Enough eavesdropping. Way more than enough. Clare pasted a social smile on her face and waved bye-bye. Russ shook his head sharply. “All right, honey, if you feel that strongly about it, sure. Yep, you’re right, it’s not like we don’t have the money. But don’t try to get a flight tonight. I’m going to be here at least till tomorrow afternoon.” There was a long pause. “Do you think you can get your friend Meg to do it? Okay, that’ll be fine.” Clare took one step, then another, toward the door. Russ held up one hand. “Honey? I think I need to get off now. Yeah, there’s someone waiting for me.” His eyes cut away from Clare. “Yes. I will.” There was a final pause. “I love you, too. Bye.” He twisted away from Clare and hung up the phone.
“Linda,” he said.
“I gathered.”
He looked down at the box of doughnuts as if he had forgotten putting them on his lap. “Thanks.”
“I figured you’d like them more than flowers.”
He smiled to himself, still not looking at her. She wondered how much he remembered about his behavior while he was pumped full of painkillers and whether she ought to mention anything. Set his mind at ease.
He popped open the top and took out a French cruller. “You want one?”
She got just close enough to take a peanut-covered doughnut while still maintaining the maximum degree of personal space. Okay, she thought, now I’ll tell him he was stoned and being silly and it gave me a good laugh on the way to the historical society. And I’ll ask him all about how Linda’s doing and how soon she’s getting home. She opened her mouth, but what came out was, “Did you know that the Ketchem graveyard was part of a property that was flooded when the Sacandaga was dammed?”
He stopped, a bite of cruller half in, half out of his mouth. His expression spoke even though he couldn’t: a polite So what?

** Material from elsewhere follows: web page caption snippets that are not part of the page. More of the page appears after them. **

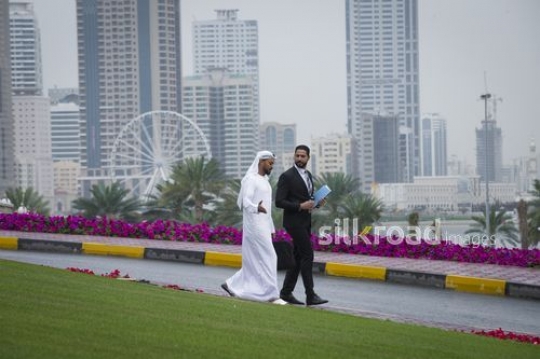 Middle Eastern Businessman dressed in the traditional UAE kandoura walking with his colleague dressed in a Business suit|-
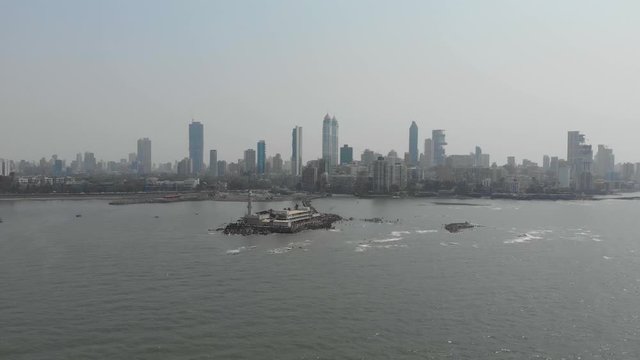 Rising drone shot of Haji Ali dargah sea mosque with Mumbai city in the background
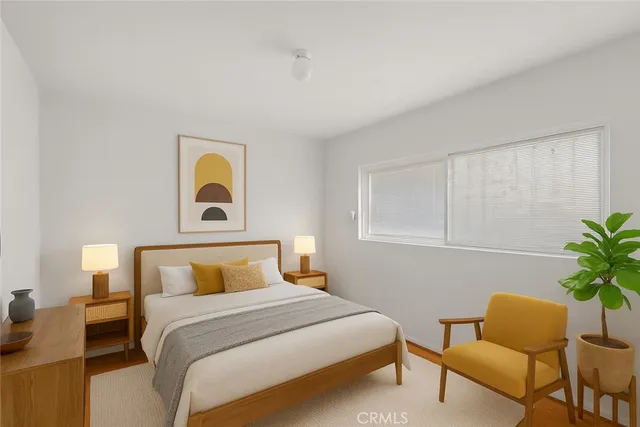 a bedroom with a bed and chair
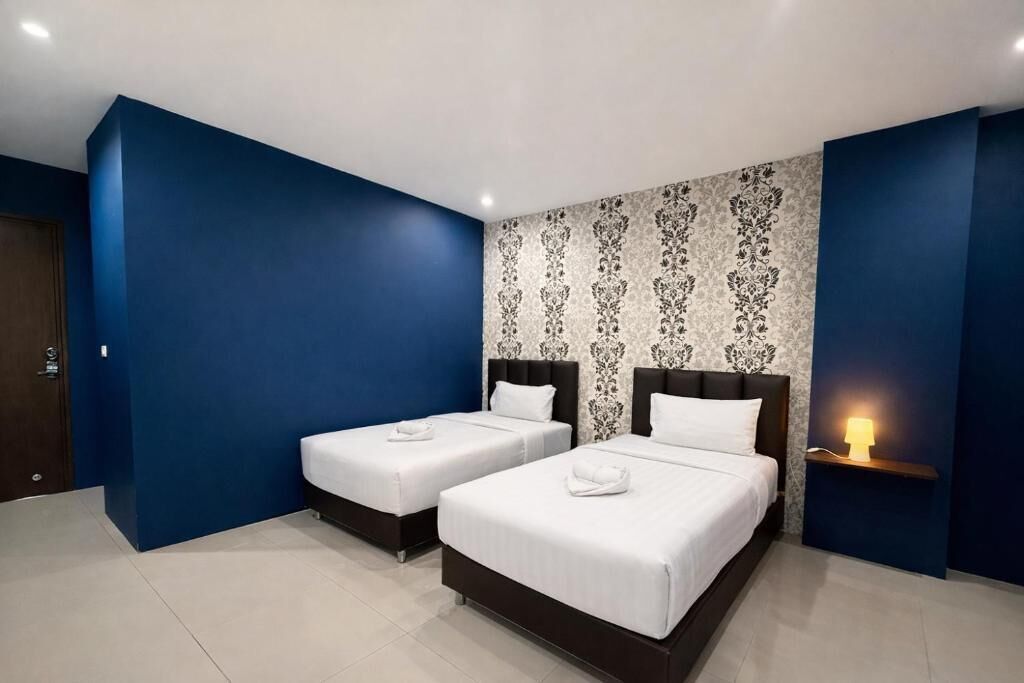 A hotel room with two beds, a patterned wallpaper, and a nightstand with a lamp.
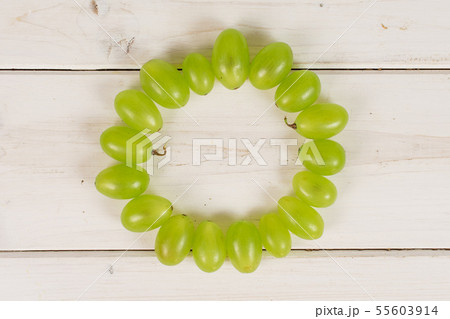 Fresh green grape on grey wood Fresh green grape on grey wood 55603914
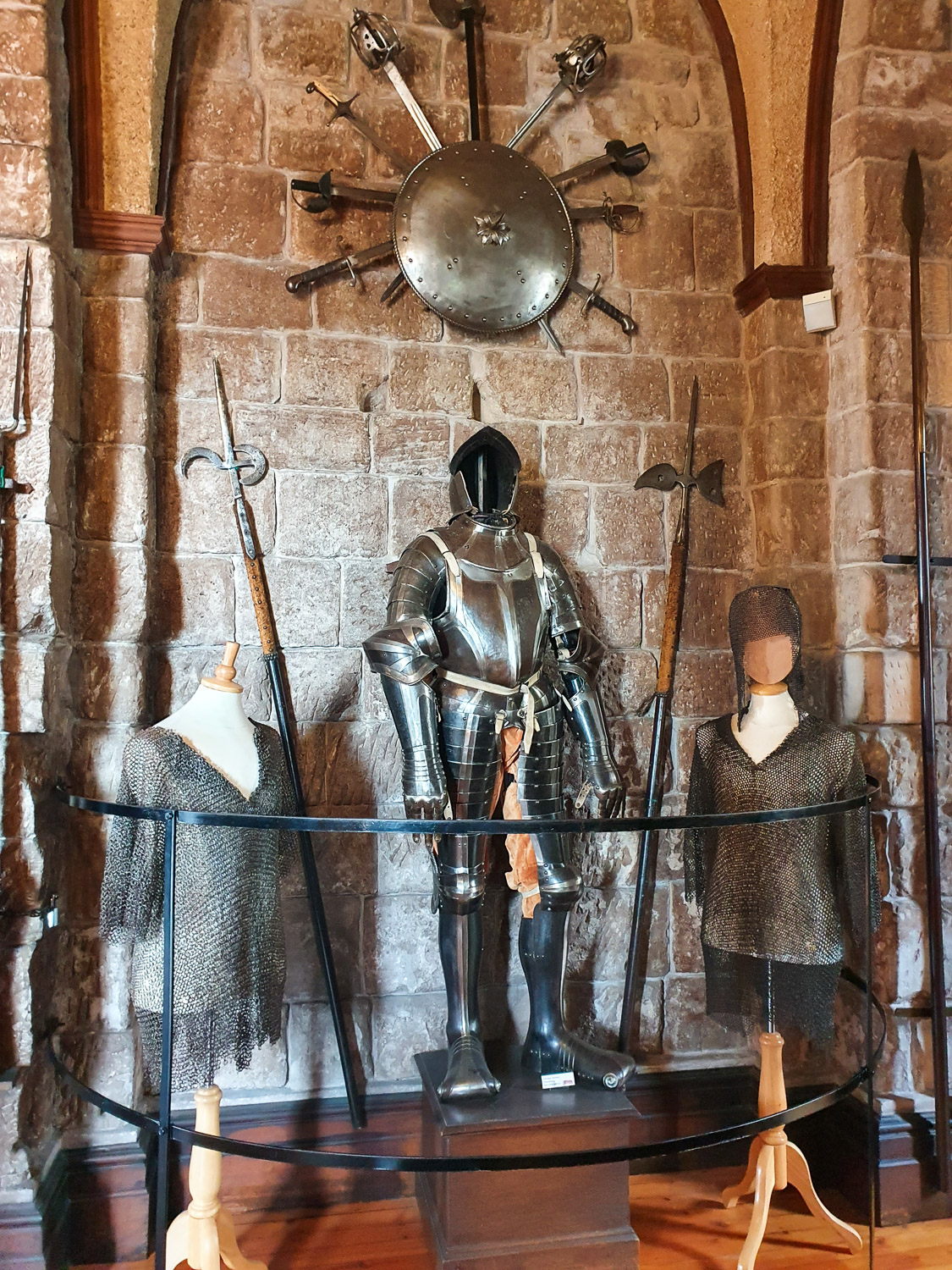 Armour and chain mail on display under weapons during a visit to Bamburgh Castle with kids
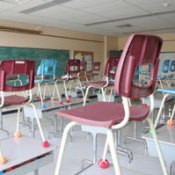 Classroom with chairs on top of desks.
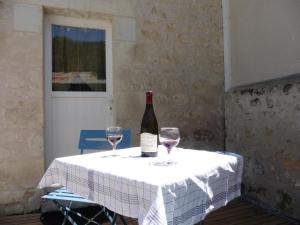 a bottle of wine sitting on a table with two glasses at Gîte Chemin des Prés r de Pré Vert in Chinon
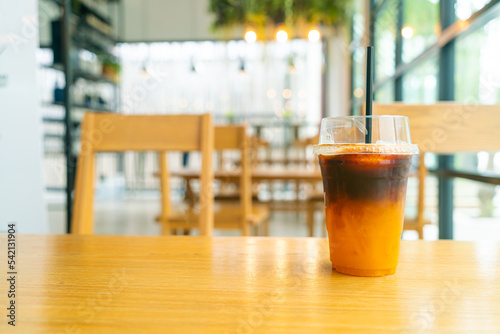 iced black coffee with yuzu cup on table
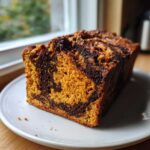 A close-up of a slice of Easy Moist Cinnamon Swirl Pumpkin bread showing rich orange crumb and dark cinnamon swirl.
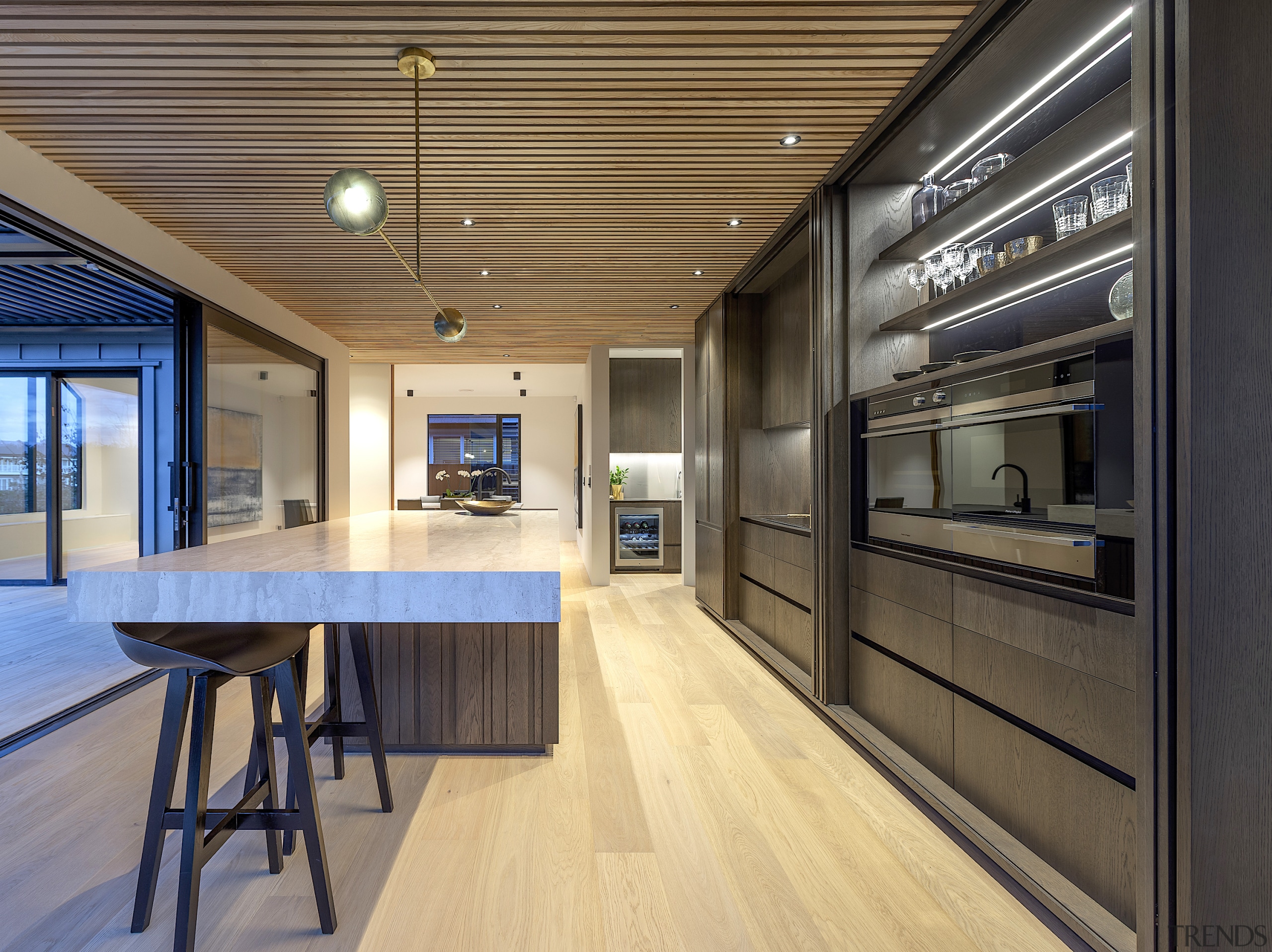 Vertical timber panelling to the island is matched architecture, building, cabinetry, ceiling, countertop, design, floor, flooring, furniture, hall, hardwood, home, house, interior design, kitchen, lighting, loft, office, plywood, property, real estate, room, table, wall, wood, wood flooring, yellow, black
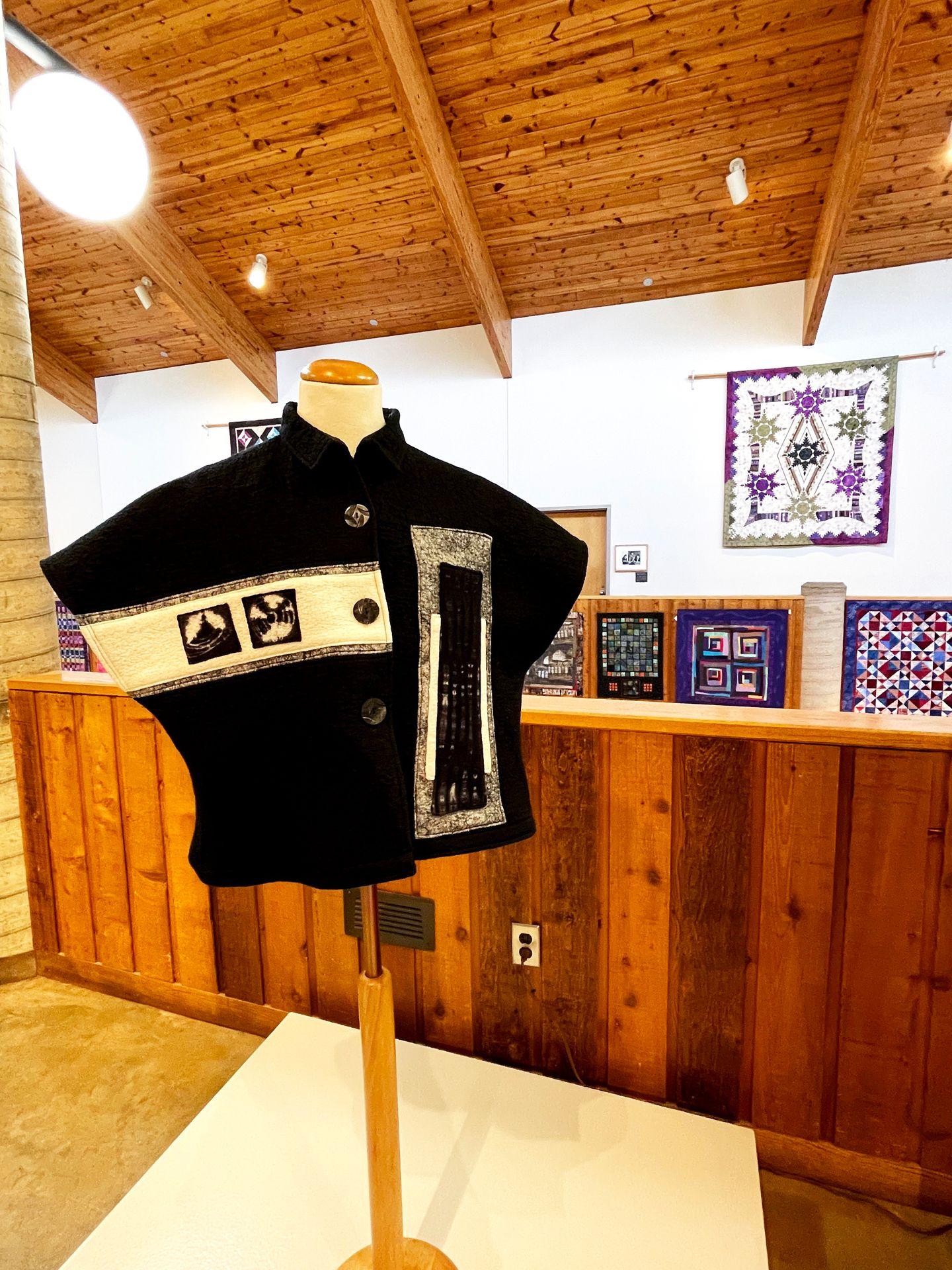 A black and white garment on display at the Folk Arts Center.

“Jane Ketchem and her husband lived there. The couple that lost the children. She’s the one who went on to found the free clinic. It was named after her late husband. He disappeared in 1930. Mrs. Marshall, who’s on our vestry, is her daughter.” She knew she was babbling, but once she got going, she couldn’t seem to stop it. “She thinks her father took off for a new life, but I’ve been thinking, and I think he killed himself. He drove off one night two days after the dam was finished. I think he went back to their old farm and drowned himself.”